(Captioned web images)
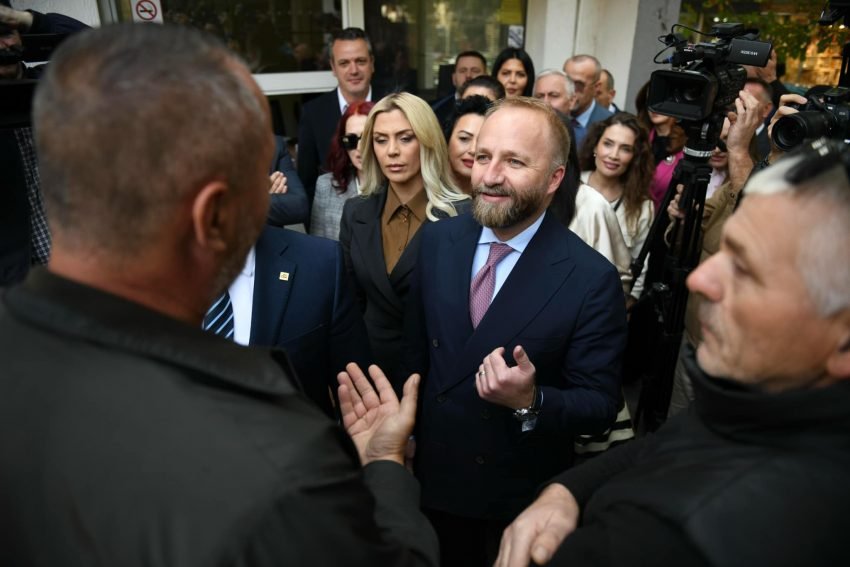 463660154_1075788887260319_2967969300451081628_n-850x567-1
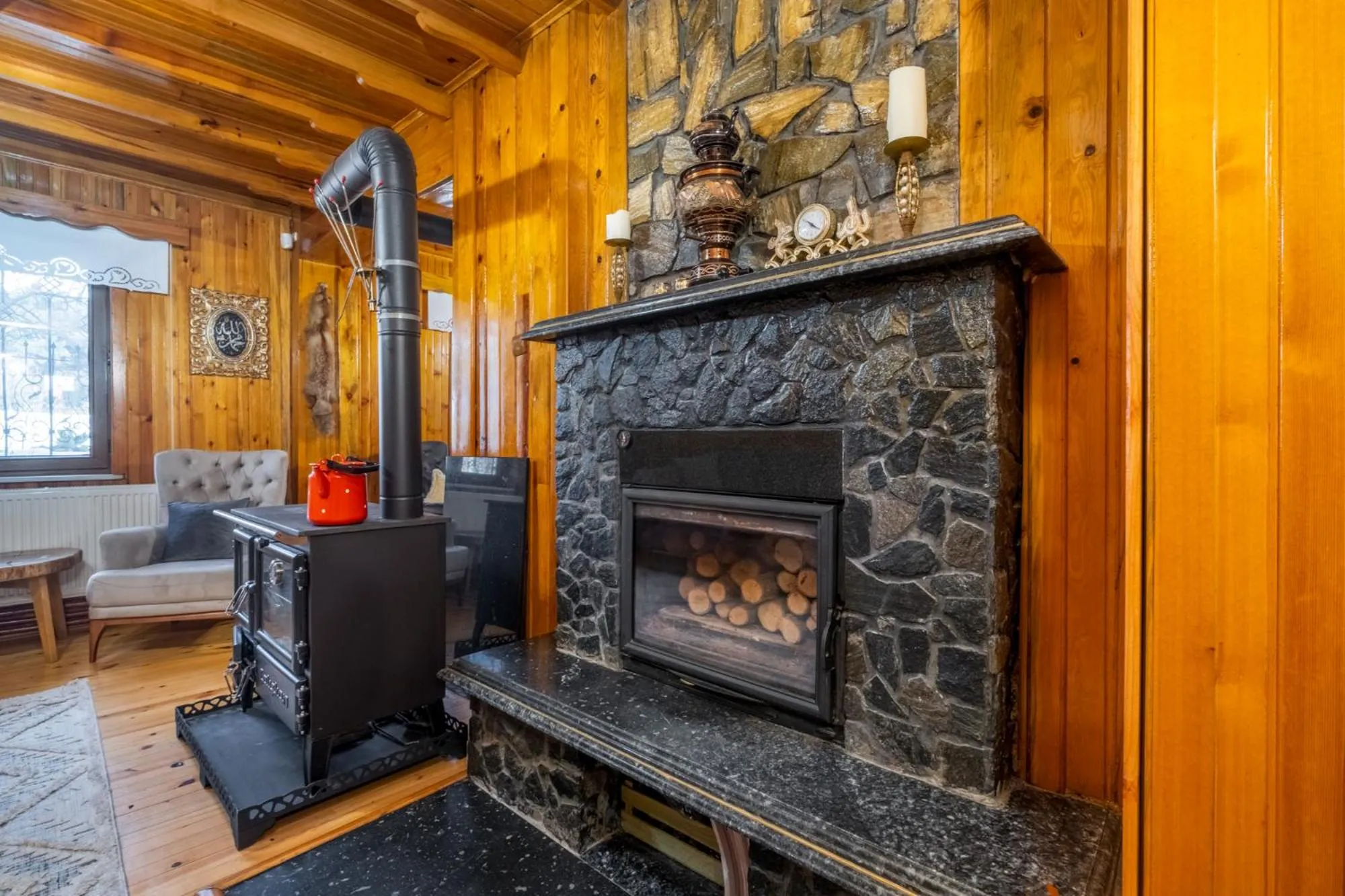 Communal lounge/ TV room in Uludag Tatil Evleri & Villa Dogus Uludağ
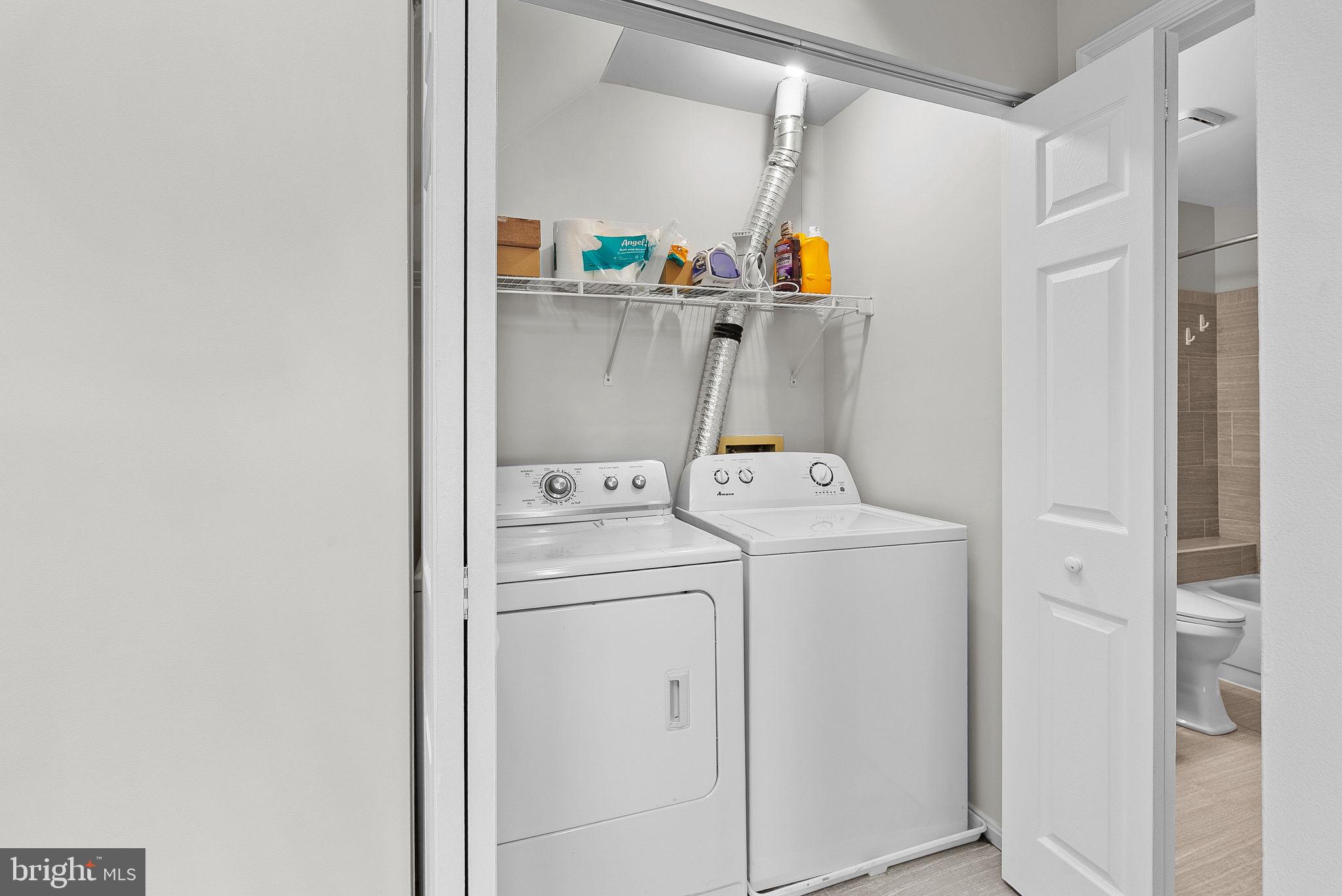 STONINGTON CONDOMINIUMS - Residential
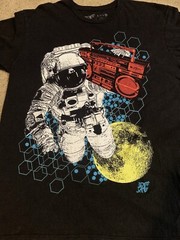 Space astronaut w/ boombox hiphop moon graphic Shirt XL Alab Clothing Big Print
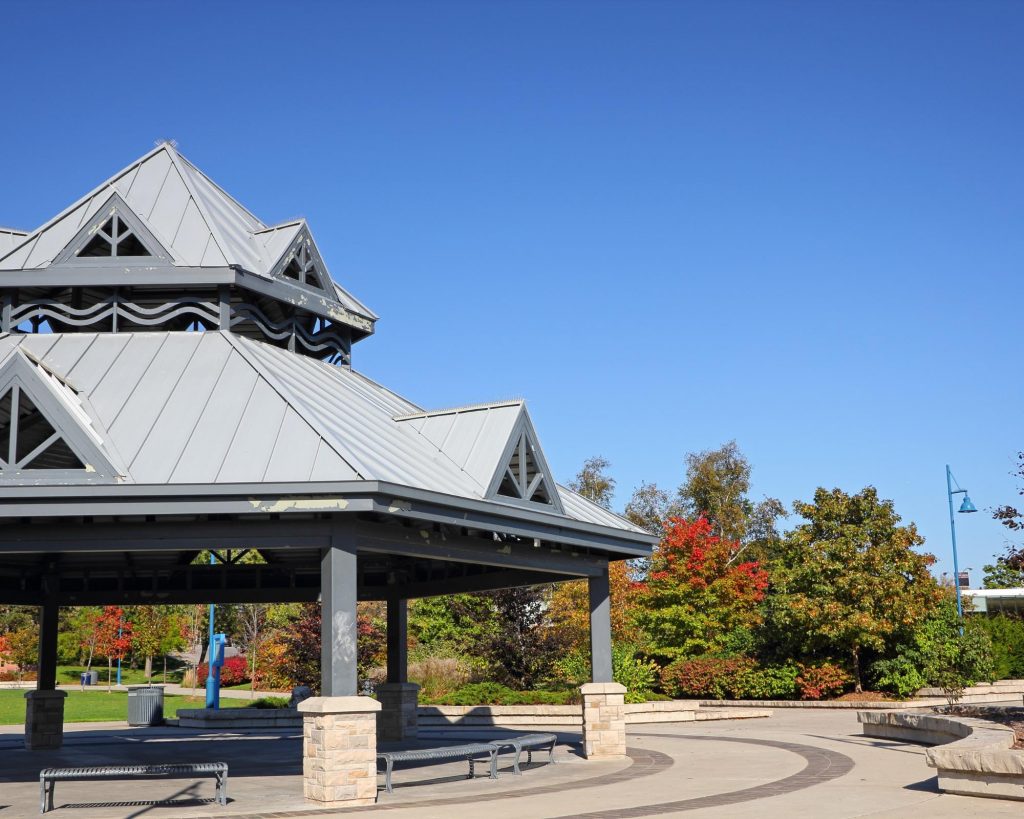 Autumn foliage at Mississauga Memorial Park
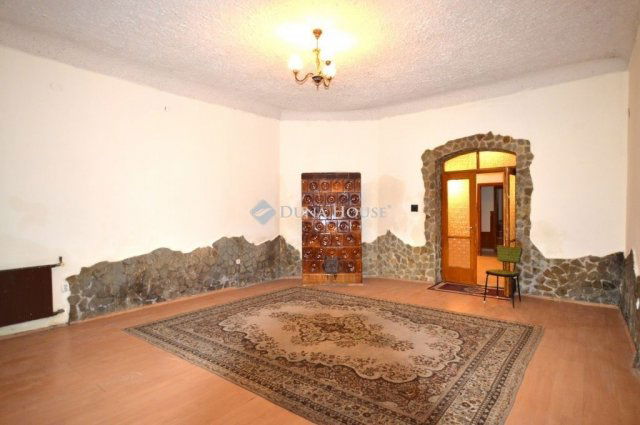 Eladó családi ház, Veszprémben 59.9 M Ft, 3 szobás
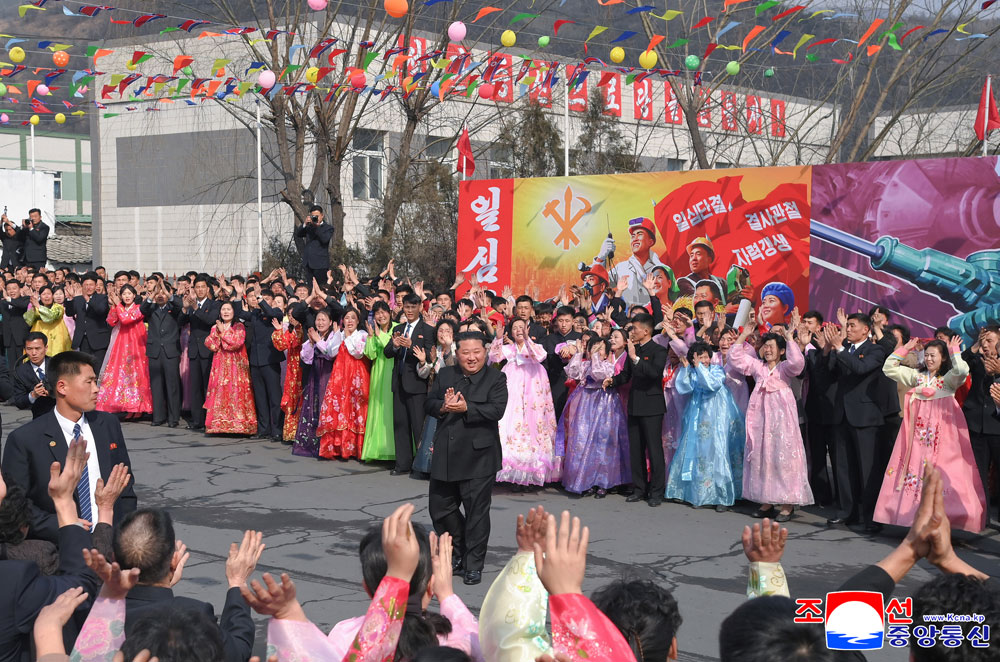 敬爱的金正恩同志在天圣青年煤矿参加最高人民会议议员选举，向煤矿工人给以勉励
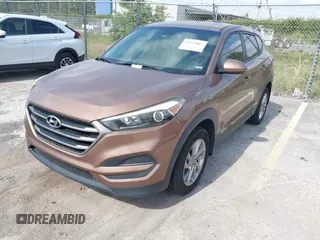 2016 Hyundai Tucson SE z VIN KM8J23A4XGU180300, wystawiony jako IAAI lot #42123067 z przebiegiem 123 804 mil mil oraz . Historia ofert i sprzedaży dostępna na DreamBid. Obrazek 2.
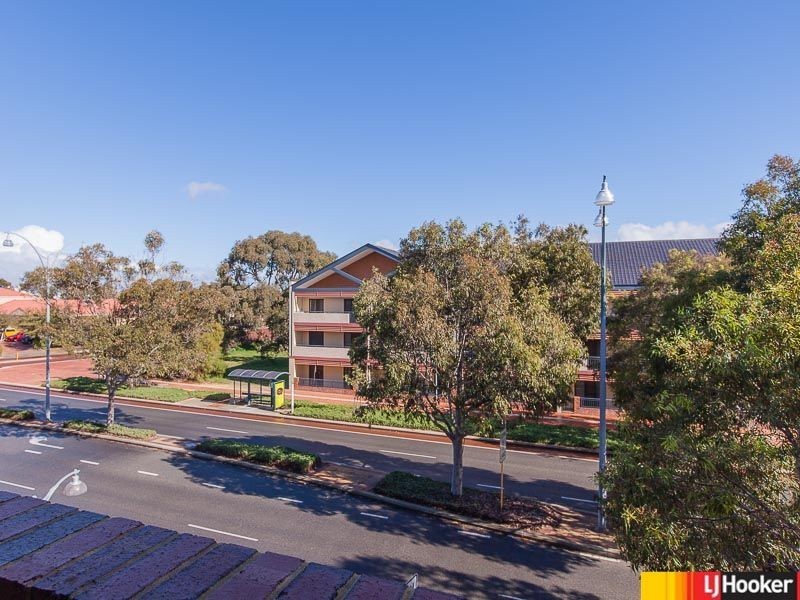 4/81 Grand Blvd, Joondalup WA 6027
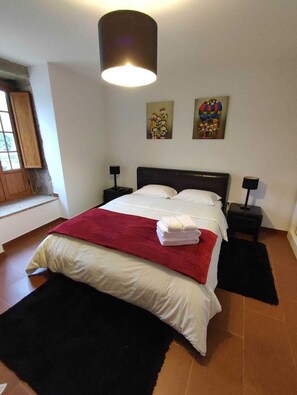 2 chambres, fer et planche à repasser, Wi-Fi gratuit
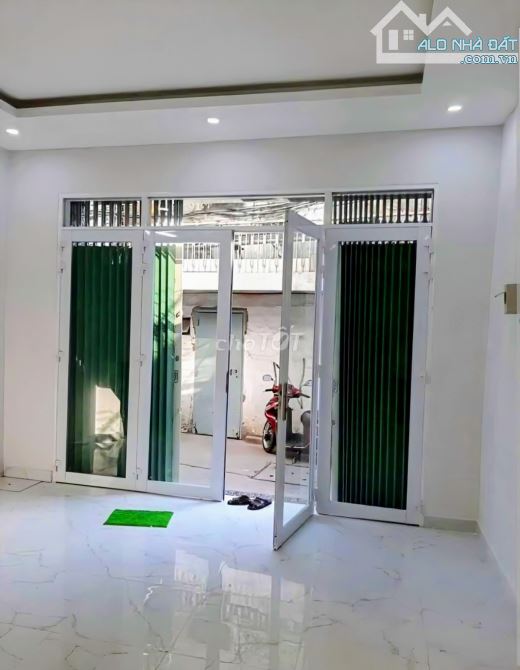 Bán nhà HXH Phạm Hùng P.4 Q.8 - 60 m2 - 2 tầng- Giá 6.8 Tỷ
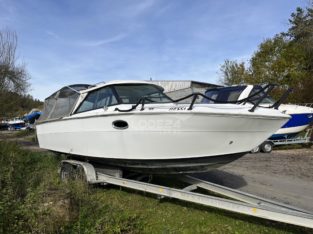 Motor boat with cabin 225HP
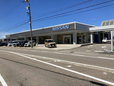富山日産自動車 砺波支店の店舗画像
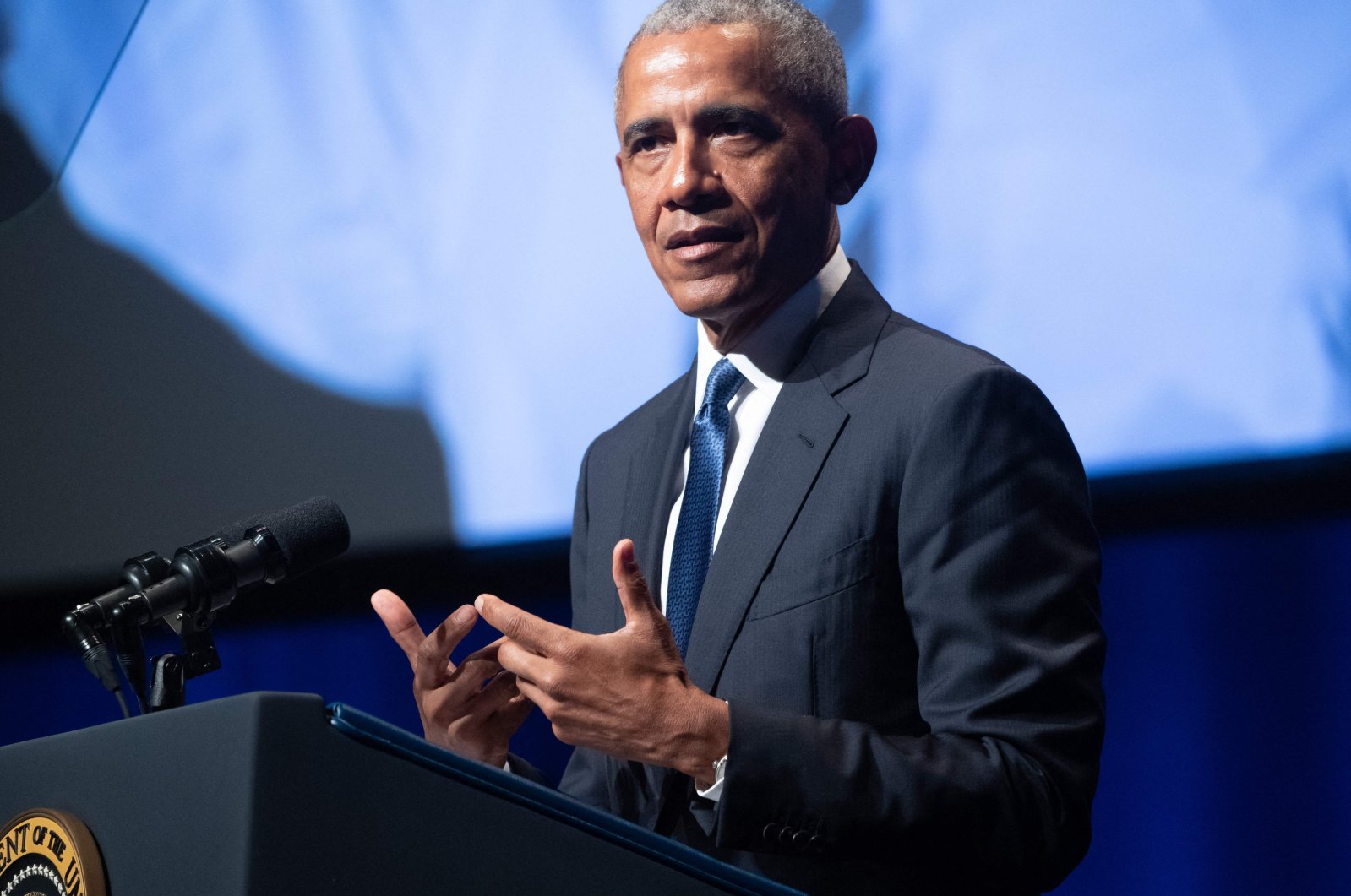 Mantan Presiden AS Obama dinyatakan positif COVID-19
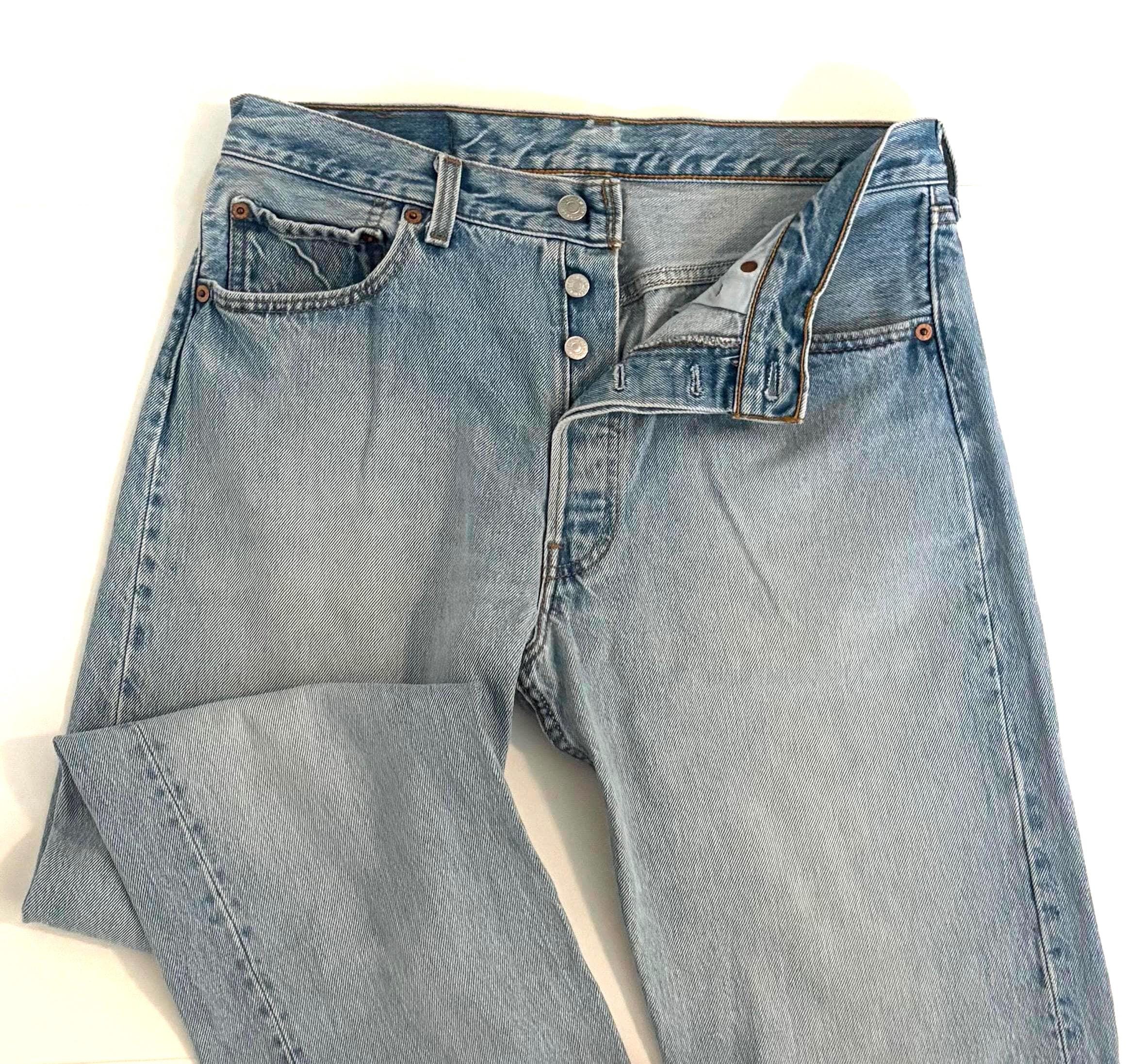 1995 Vintage Levi's 501 USA Made Men's Jeans - Actual Waist W31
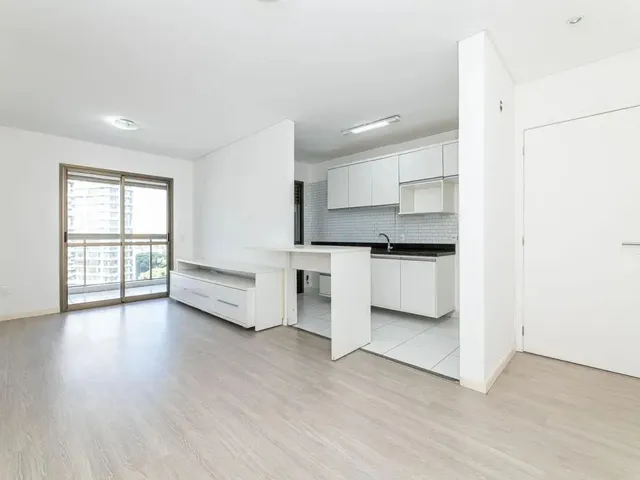 Apartamento 2 quartos e 2 banheiros, à venda, no bairro Campina do Siqueira em Curitiba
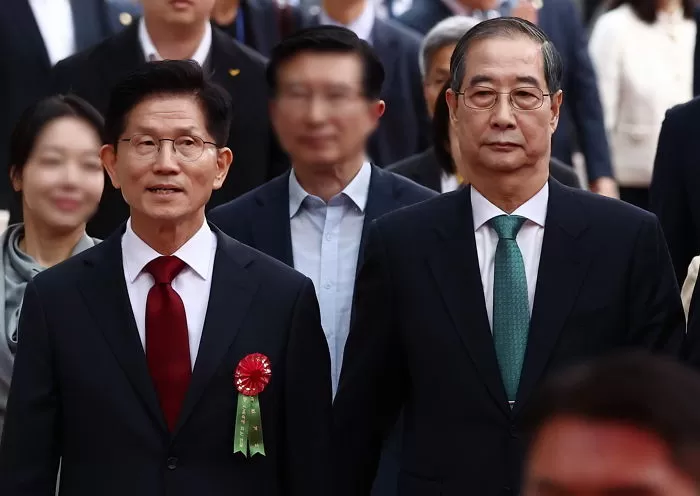김문수 국민의힘 대통령 후보(왼쪽)와 한덕수 무소속 대통령 선거 예비후보가 5일 오전 서울 종로구 조계사에서 열린 불기 2569년 부처님오신날 봉축법요식에 참석하고 있다. 2025.5.5/뉴스1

:: TASK DESCRIPTION ::
Nothing but the lines from the one holding "Apartamento 2 quartos" through the final line of the records above belongs in the answer, each retyped exactly; omit the pictures.

:: YOUR RESPONSE ::
 Apartamento 2 quartos e 2 banheiros, à venda, no bairro Campina do Siqueira em Curitiba
김문수 국민의힘 대통령 후보(왼쪽)와 한덕수 무소속 대통령 선거 예비후보가 5일 오전 서울 종로구 조계사에서 열린 불기 2569년 부처님오신날 봉축법요식에 참석하고 있다. 2025.5.5/뉴스1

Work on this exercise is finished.